[EXERCISE REQUIREMENTS] Restate word for word the lines of the records below, starting at the line that contains "CHROMO Biscuits Pernot" and ending at the line that contains "Opalhouse Throw Blanket", with both of those lines included and nothing else.

[MATERIAL PROVIDED]
=====

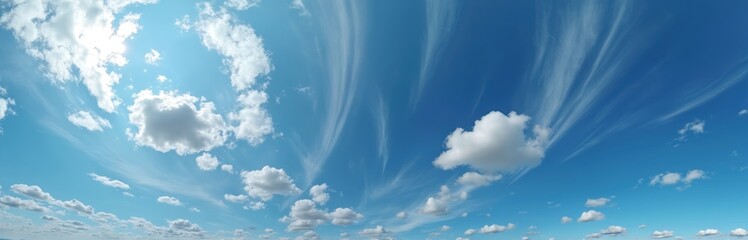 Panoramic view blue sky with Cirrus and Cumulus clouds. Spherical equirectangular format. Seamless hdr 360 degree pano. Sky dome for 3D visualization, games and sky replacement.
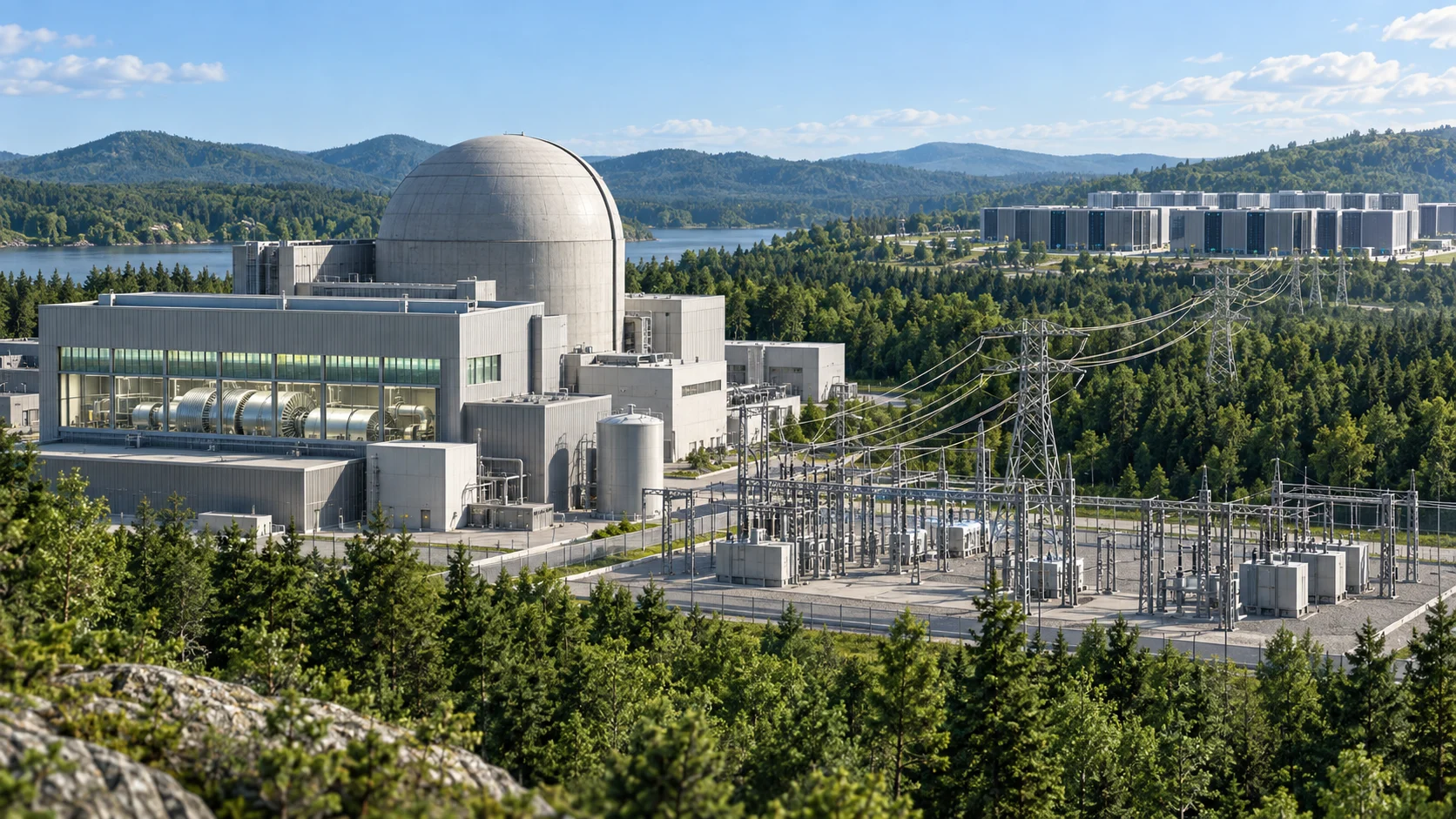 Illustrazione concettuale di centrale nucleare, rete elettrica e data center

=====

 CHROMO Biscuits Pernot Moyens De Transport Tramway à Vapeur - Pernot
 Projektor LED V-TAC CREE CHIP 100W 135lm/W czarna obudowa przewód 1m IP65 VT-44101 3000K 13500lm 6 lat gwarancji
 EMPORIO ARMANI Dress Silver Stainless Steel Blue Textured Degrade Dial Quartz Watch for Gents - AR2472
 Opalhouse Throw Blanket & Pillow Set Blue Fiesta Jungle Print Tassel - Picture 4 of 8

=====

[SOLUTION TO THIS TASK]
 CHROMO Biscuits Pernot Moyens De Transport Tramway à Vapeur - Pernot
 Projektor LED V-TAC CREE CHIP 100W 135lm/W czarna obudowa przewód 1m IP65 VT-44101 3000K 13500lm 6 lat gwarancji
 EMPORIO ARMANI Dress Silver Stainless Steel Blue Textured Degrade Dial Quartz Watch for Gents - AR2472
 Opalhouse Throw Blanket & Pillow Set Blue Fiesta Jungle Print Tassel - Picture 4 of 8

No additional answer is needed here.